AITA for expecting my partner to stop tidying things in my home office?

I live with my girlfriend and we have moved into a 3 bedroom apartment. We agreed before we moved that the smallest bedroom would be my office since I work from home most of the time.

I mentioned that since the office is mine, I will be the one cleaning and tidying it and that when the door is closed that means my gf doesn’t come in which she agreed to.

When we’re cleaning the apartment on weekends she will still go to the office and start to tidy up the desk and I tell her to stop since I leave things how I want them.

She repeats that the office is messy but I just pointed out she has no reason to actually be in it. I said that the door was closed and she’s going out her way to move things around in a room she doesn’t need to be in.

She got annoyed and said I should be tidying it up more regularly than I am but I just told her that I leave things on my desk so I know exactly where they are for the next day and it doesn’t affect her at all.

She said I should be compromising and tidying it up better than I am but I disagreed since it’s my office and my girlfriend has no reason to ever actually be in the room. I pointed out the office is clean and it’s just some work things that I leave out on the desk.

She said it should be tidied with the rest of the apartment but I just told her that it’s my space and that I leave it how I like it and I leave it how I work best.

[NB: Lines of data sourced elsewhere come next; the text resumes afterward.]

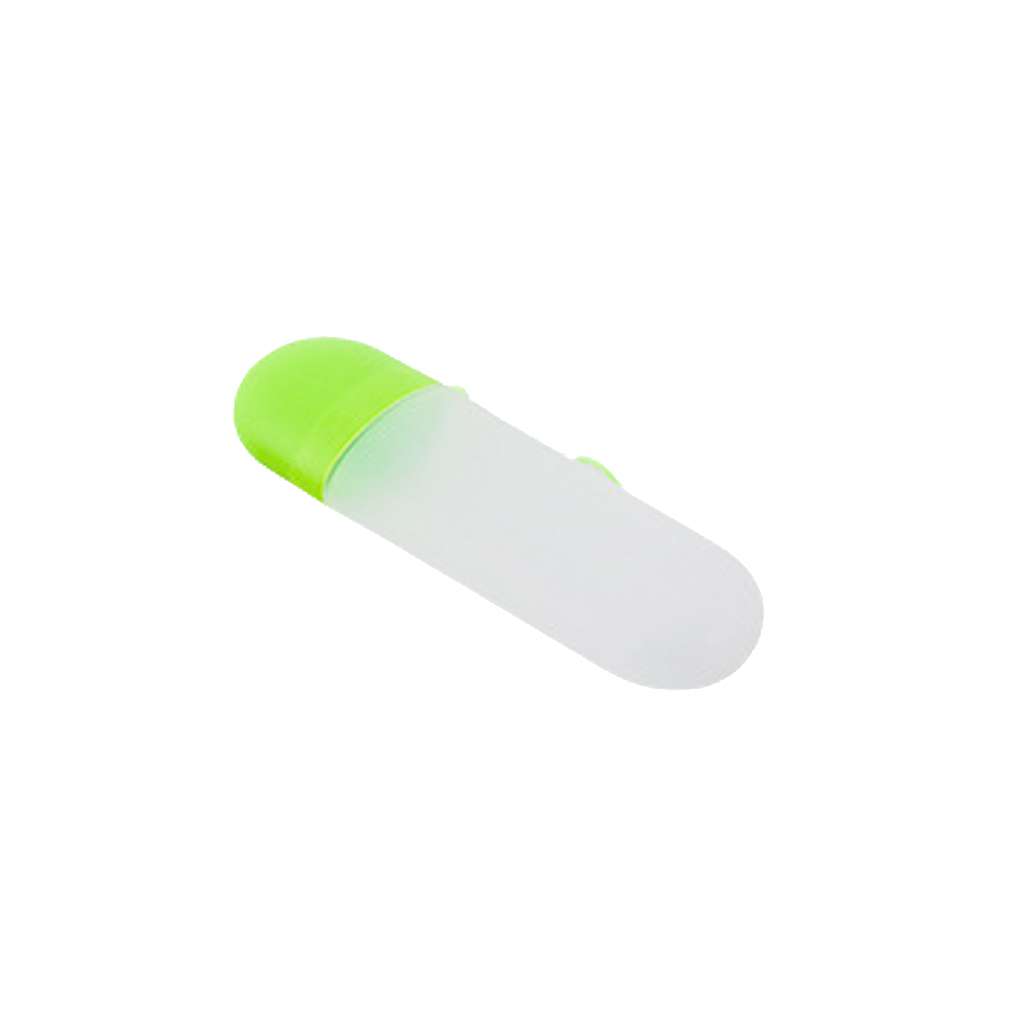 1/2/3 Portable Home Bathroom Face Toothbrush Holder Cover Case Suction Cup - Picture 24 of 24
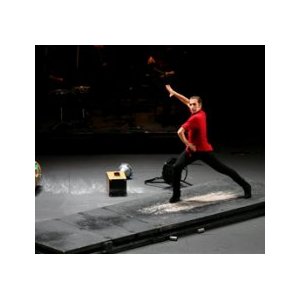 El Final de este Estado de Cosas, Redux ISRAEL GALVAN 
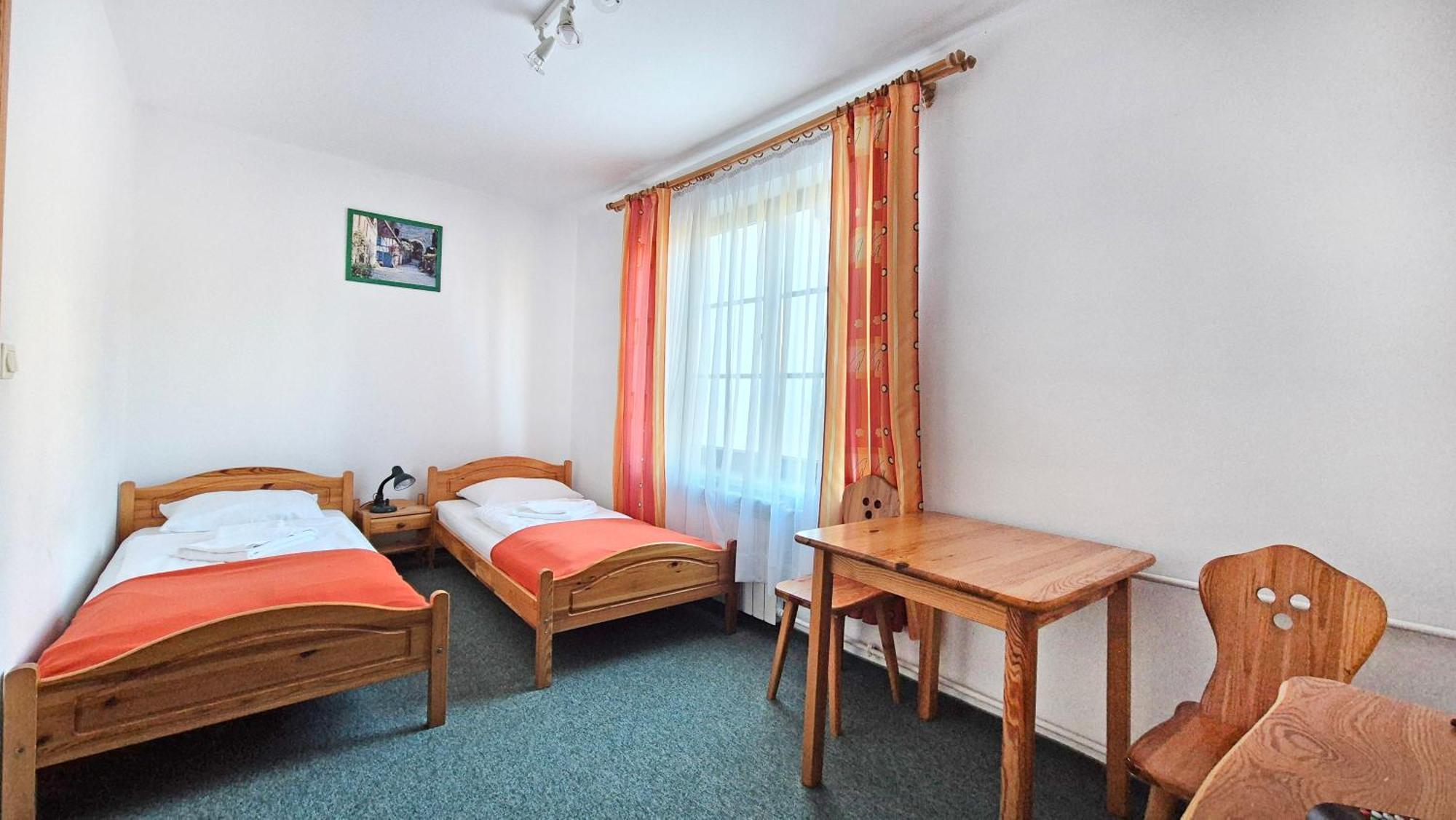 Villa Medica Rabka Buitenkant foto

Just to clarify, the room is clean so I’ll dust, vacuum, remove mugs and things so it is just a bit of mess that is on the desk in the room and a few files next to the desk so it’s not unhygienic.

AITA for expecting my partner to stop tidying things in my home office?

14 thoughts on “AITA for expecting my partner to stop tidying things in my home office?”
  1. Absolutely NTA. Your GF is impinging unnecessarily. If she keeps insisting on doing it, start reorganising her make up and other personal stuff. It may help her empathise.

  2. NTA, but it sounds like there’s a control issue over the space that’s underlying the conflict. Having a “me” space in an “us” house can be a challenge, and it seems like there’s some discomfort around that between you.

  3. I think you gf is just nosy and want to see what’s going on in your office since you forbid her from stepping in.

  4. NTA Ask her why she is so hellbent on sabotaging your work. Is she deliberately trying to mess with your paycheck? Is she resentful that you can work from home?

  5. NTA and depending on what your job is, she shouldn’t be anywhere near your desk. She needs to get to the point where she just acts like your office doesn’t even exist and the door stays closed 24/7

  6. NTA.

    Your partner is trying to enforce HER idea of tidyness (not cleanliness) on YOUR office. That’s wrong. Lots of people prefer to keep their desks the way you do. Some, like me, are a lot worse. (I find things in piles by reverse chronological order).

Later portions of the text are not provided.